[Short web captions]
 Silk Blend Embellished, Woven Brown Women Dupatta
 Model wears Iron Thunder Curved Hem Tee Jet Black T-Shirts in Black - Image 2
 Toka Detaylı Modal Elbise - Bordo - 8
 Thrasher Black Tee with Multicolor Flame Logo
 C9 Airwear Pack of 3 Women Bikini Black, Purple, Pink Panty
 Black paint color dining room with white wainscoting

---

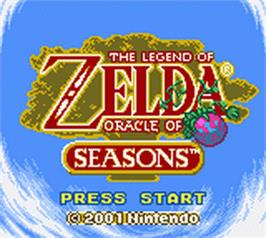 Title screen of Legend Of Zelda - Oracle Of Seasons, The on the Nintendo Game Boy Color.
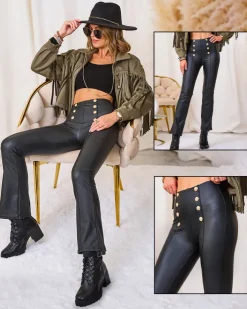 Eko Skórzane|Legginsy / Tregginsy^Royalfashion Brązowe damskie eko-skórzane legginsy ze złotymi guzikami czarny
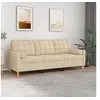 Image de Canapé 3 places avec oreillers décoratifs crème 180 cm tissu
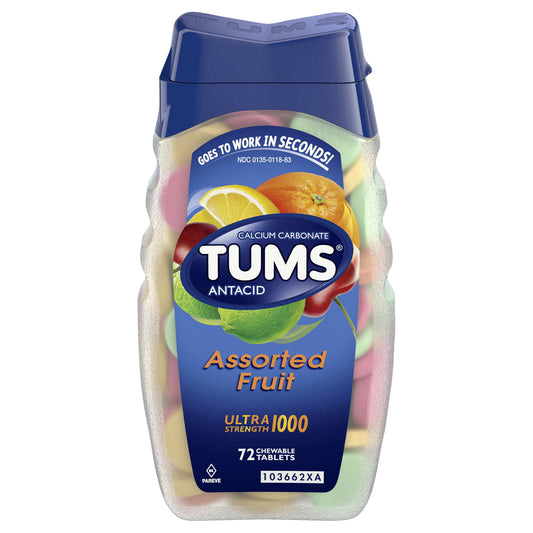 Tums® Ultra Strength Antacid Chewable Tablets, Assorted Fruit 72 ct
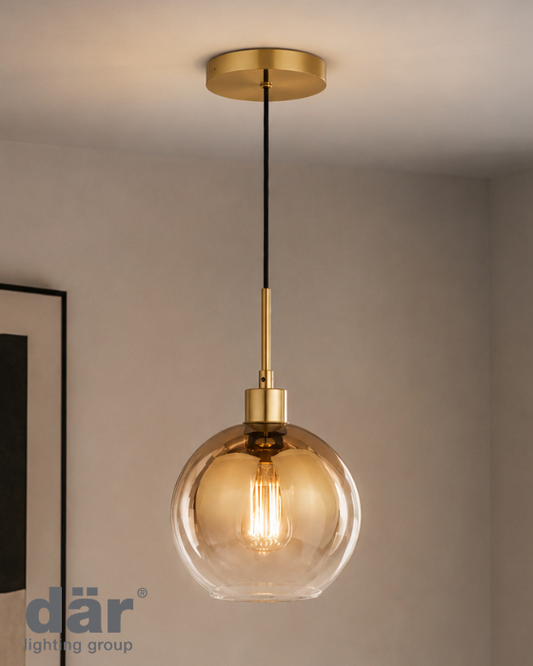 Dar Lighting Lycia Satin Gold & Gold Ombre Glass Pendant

# Exercise
Beginning with the line that has "Silk Blend Embellished, Woven" and ending with the line that has "Black paint color", set down the lines above exactly and include no others.

# Answer to the problem
 Silk Blend Embellished, Woven Brown Women Dupatta
 Model wears Iron Thunder Curved Hem Tee Jet Black T-Shirts in Black - Image 2
 Toka Detaylı Modal Elbise - Bordo - 8
 Thrasher Black Tee with Multicolor Flame Logo
 C9 Airwear Pack of 3 Women Bikini Black, Purple, Pink Panty
 Black paint color dining room with white wainscoting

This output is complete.